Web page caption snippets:
● ● ● ● ● ● ●
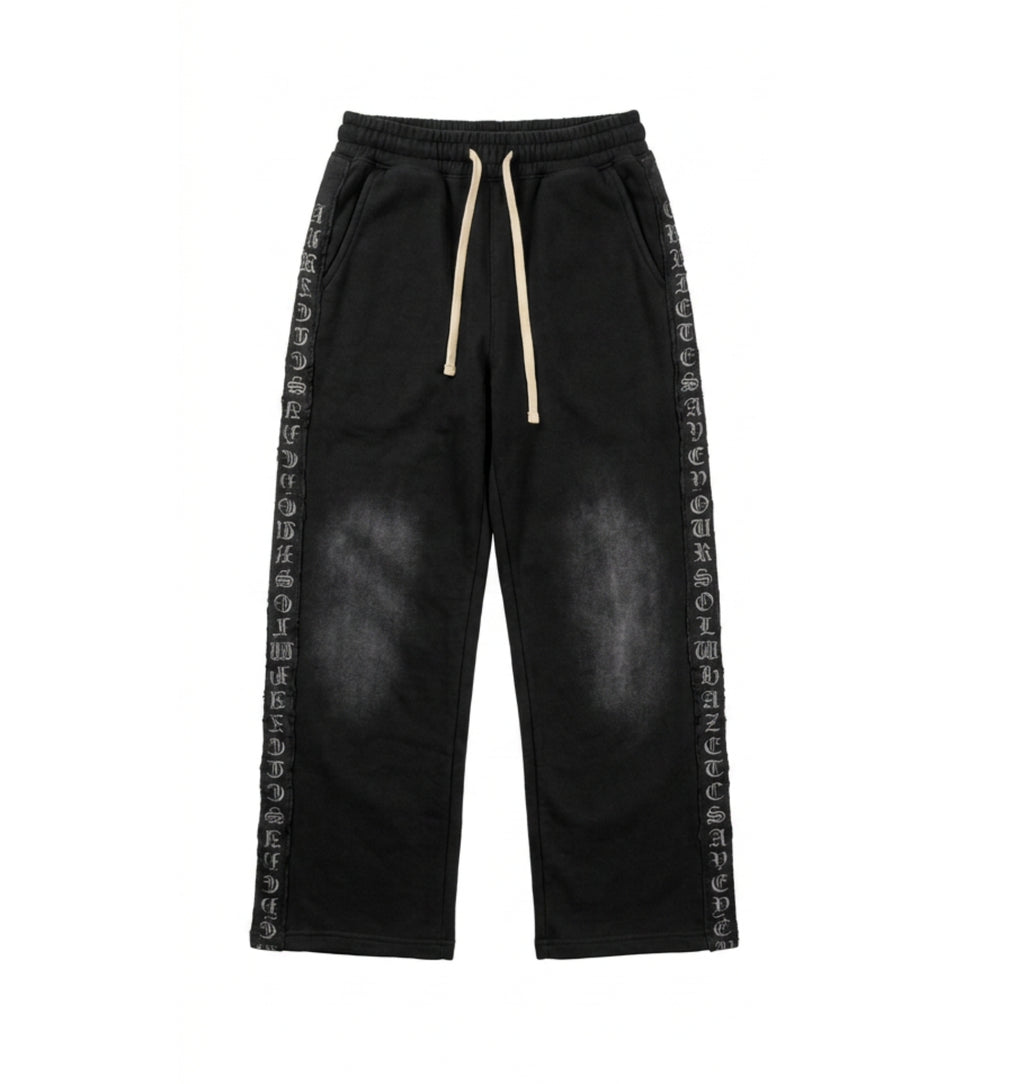 Black SweatPants Coming Soon!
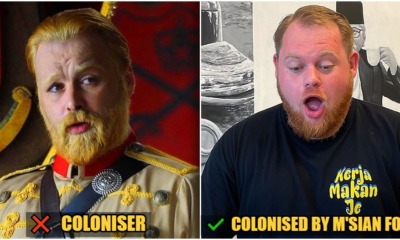 coloniser colonised 1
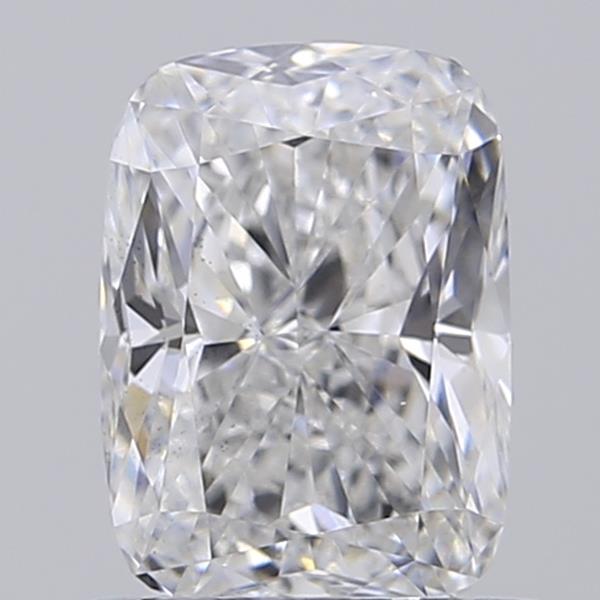 0.75 ct. cushion Lab Grown Diamond front image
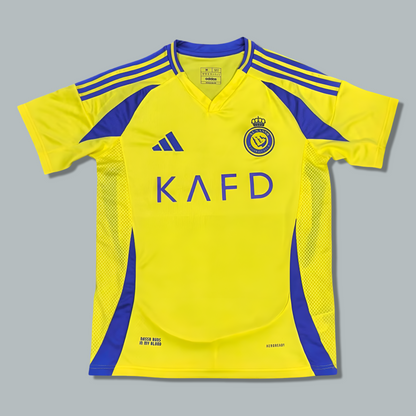 Al-Nassr 24/25 Home Kit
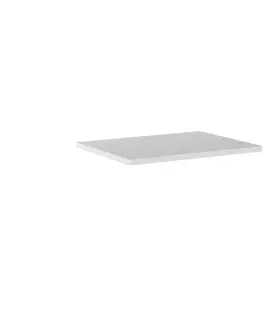 ArtCom Deska pod umyvadlo ADEL White | bílý mat Typ: Deska 120 cm / 89-120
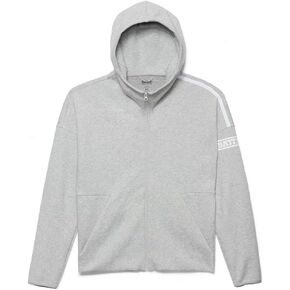 Battle Sports Dynamic Zip Hoodie 3.0, Full-Zip, Performance Stretch Fabric, 60% Cotton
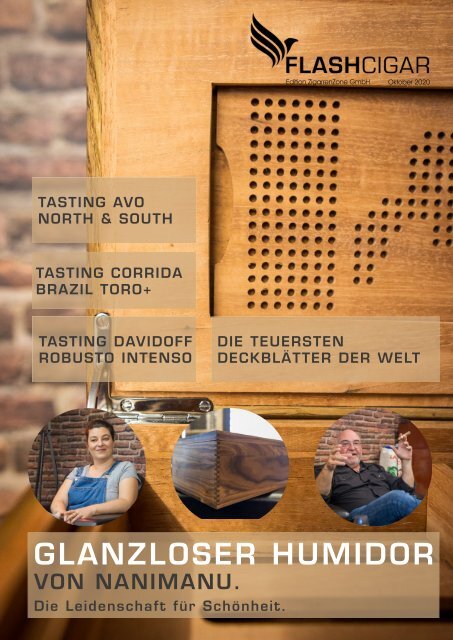 FlashCigar Oktober 2020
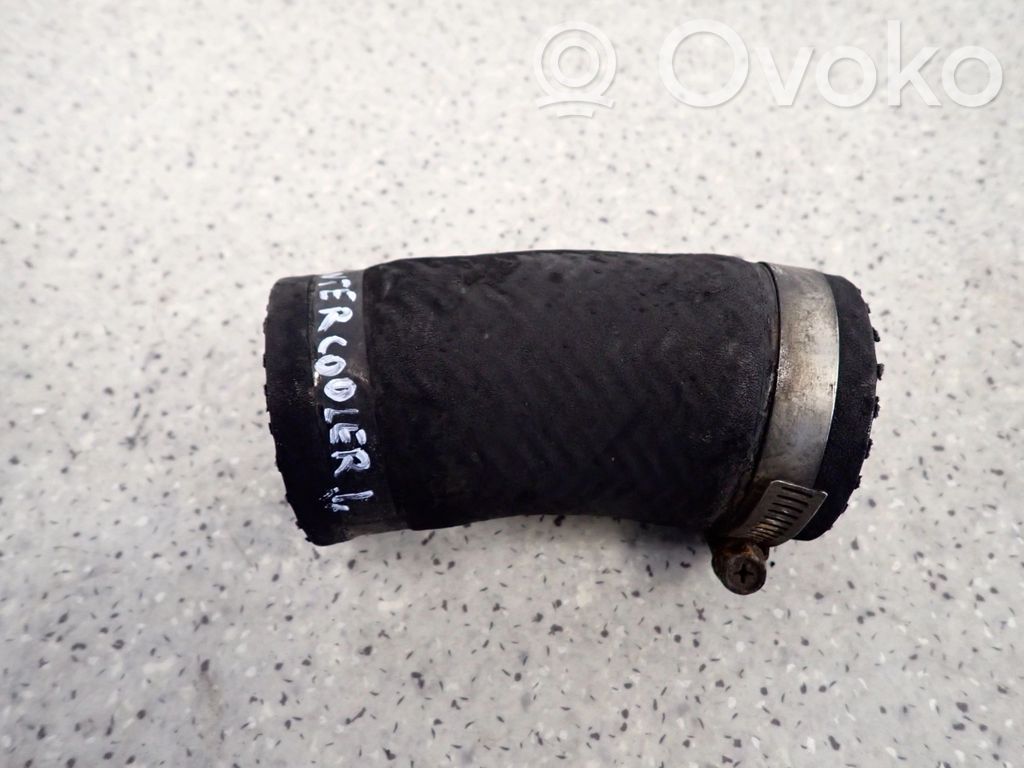 Intercooler hose/pipe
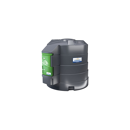 Cuve de stockage double paroi KINGSPAN FUELMASTER - 2500 ou 5000 L (débimètre numérique)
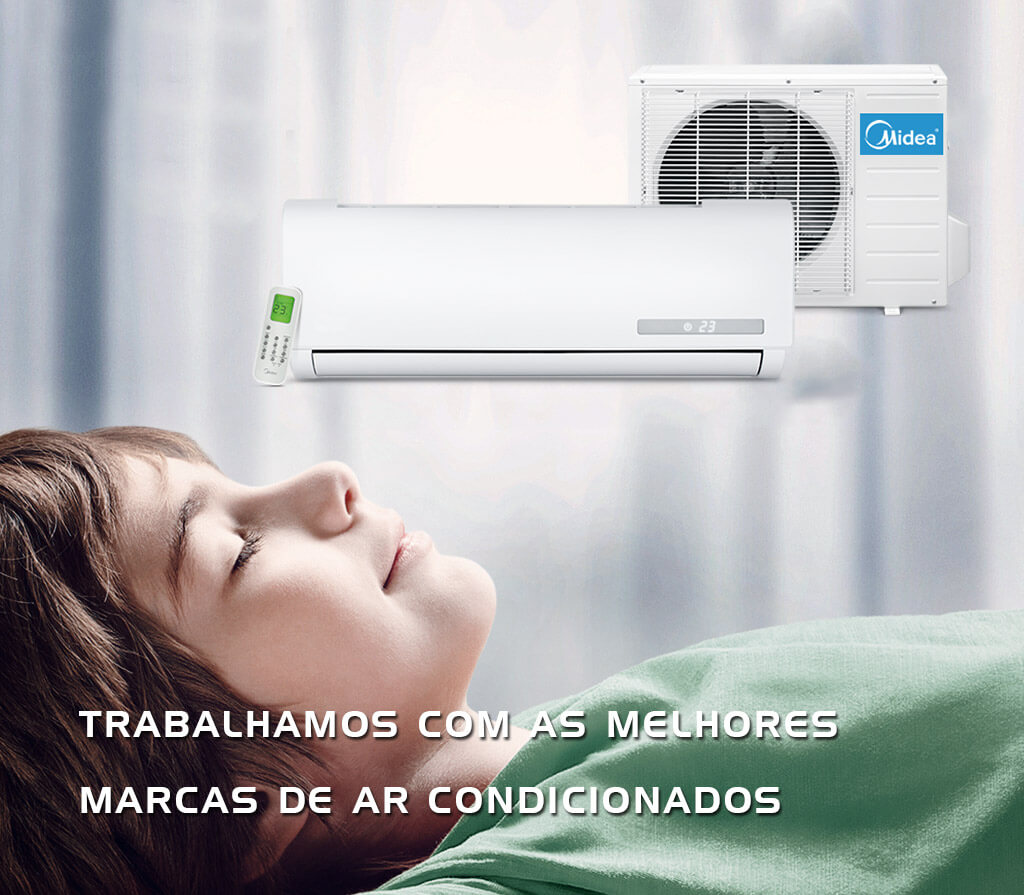 Peças de Reposição de Ar condicionados residencial e comercial em Cotriguaçu MT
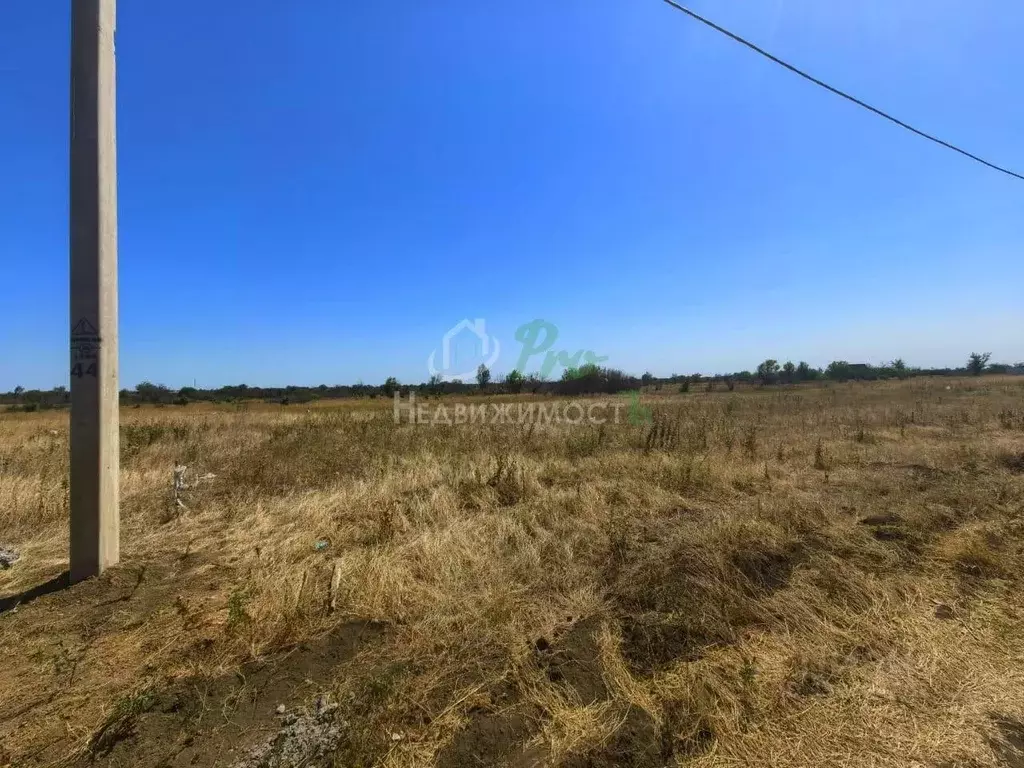 Участок в Краснодарский край, Ейск ул. Воронцова (6.4 сот.) - Фото 1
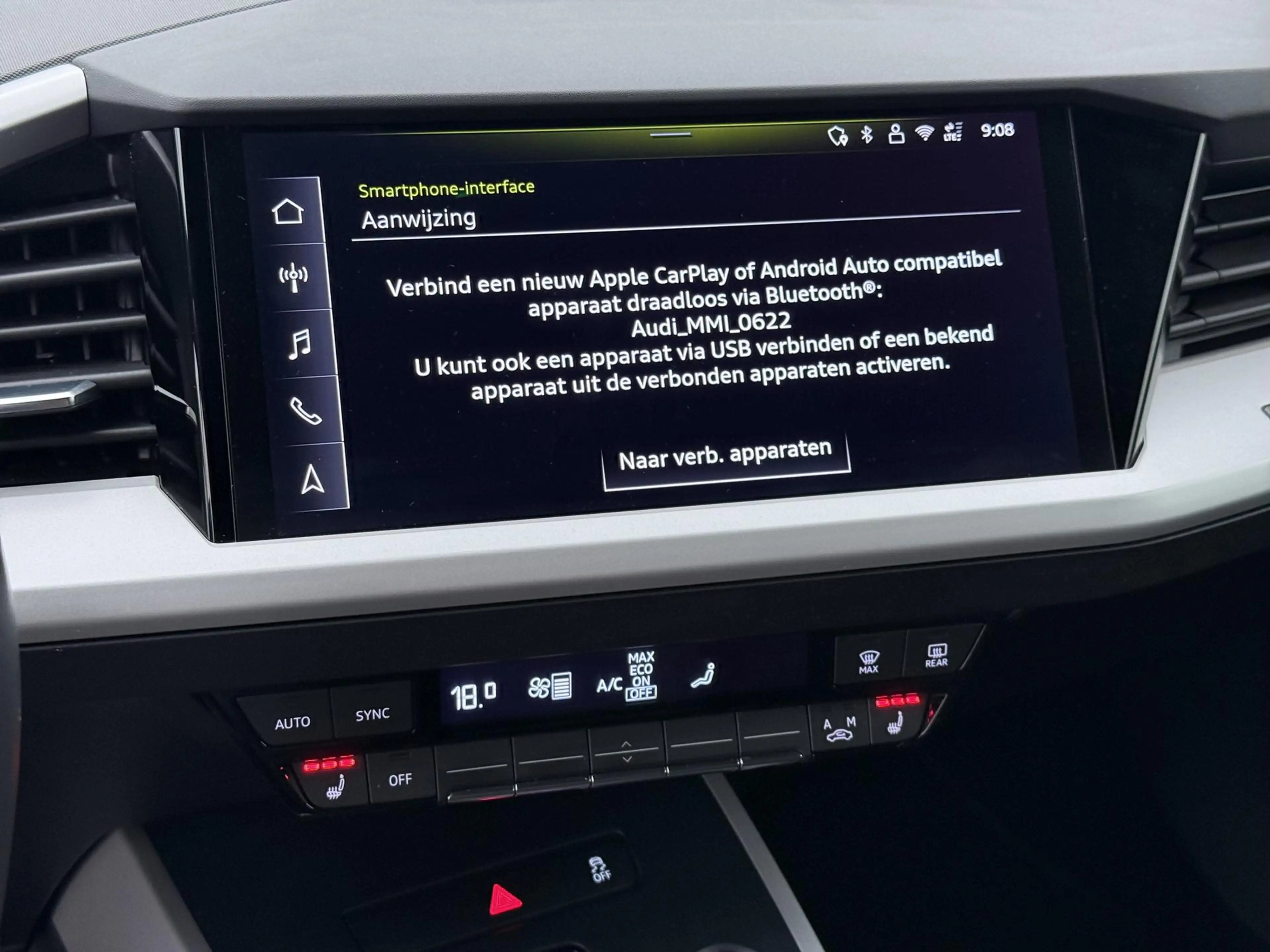 Audi Q4 e-tron 45 quattro 82 kWh | Navigatie | Stoelverwarming | — photo 8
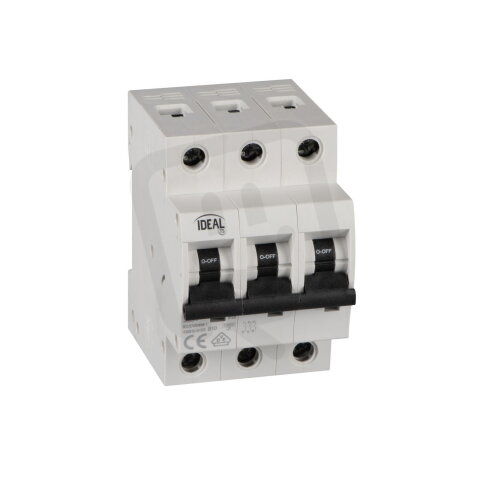 Jistič KMB10-B10/3 KANLUX 39331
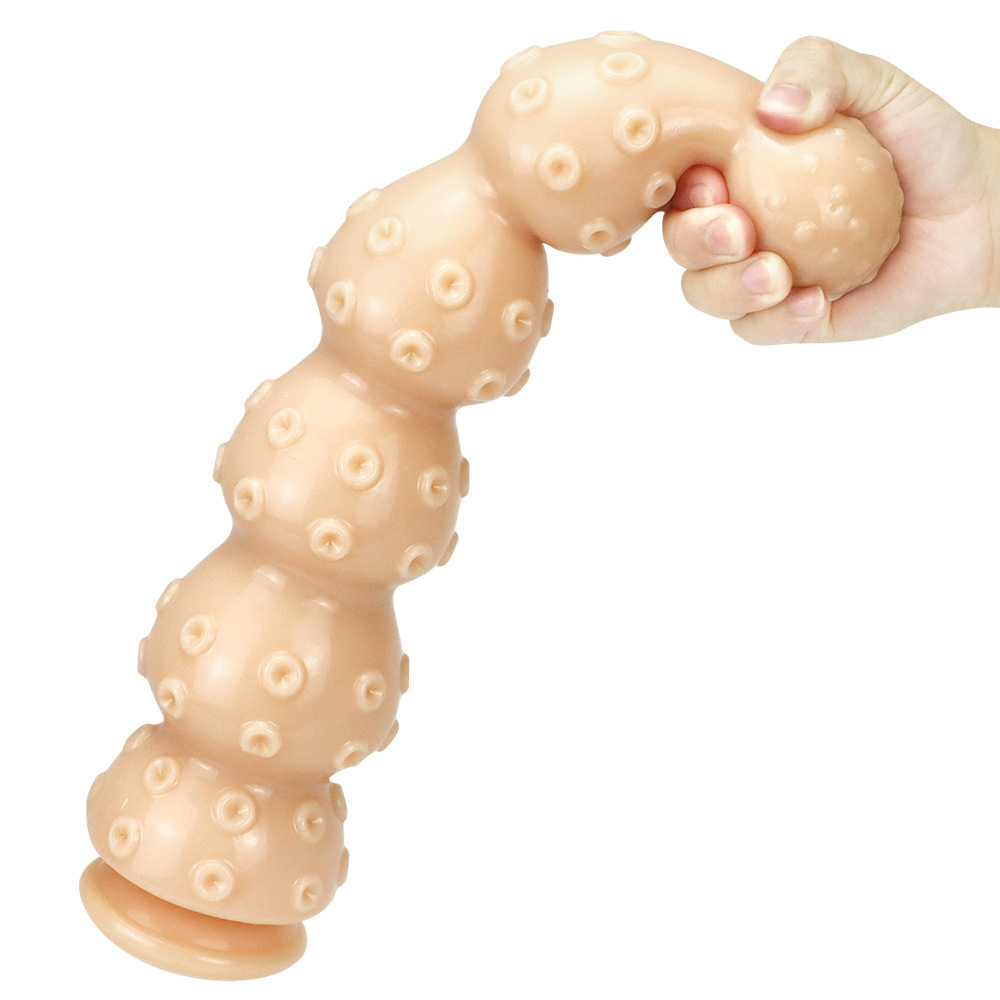 (image for) Thunderbolt Large PVC Butt Plug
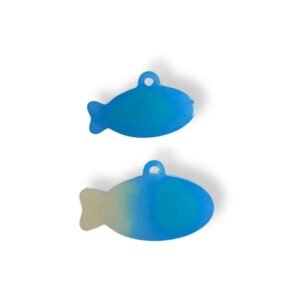 Διακοσμητικό Στοιχείο Ψάρι για Μπομπονιέρες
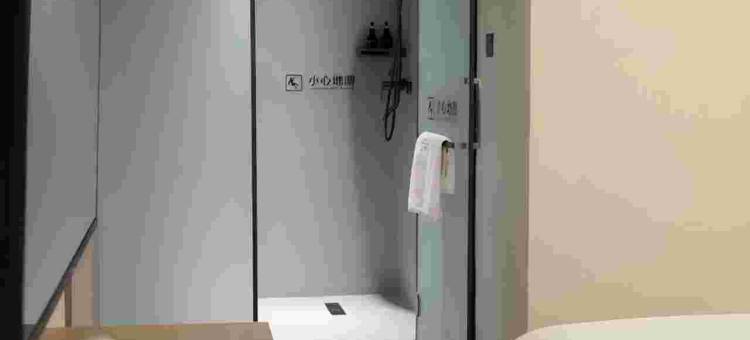 潮洋酒店(西安万寿北路幸福林带店)图片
● ● ● ● ● ● ●
» **TASK BRIEF**
Because the copy must hold no pictures, return only the lines that run from the line containing "Участок в Краснодарский" to the end of the data above, each exactly as it stands.

» **REPLY**
 Участок в Краснодарский край, Ейск ул. Воронцова (6.4 сот.) - Фото 1
 Audi Q4 e-tron 45 quattro 82 kWh | Navigatie | Stoelverwarming | — photo 8
 Jistič KMB10-B10/3 KANLUX 39331
 (image for) Thunderbolt Large PVC Butt Plug
 Διακοσμητικό Στοιχείο Ψάρι για Μπομπονιέρες
 潮洋酒店(西安万寿北路幸福林带店)图片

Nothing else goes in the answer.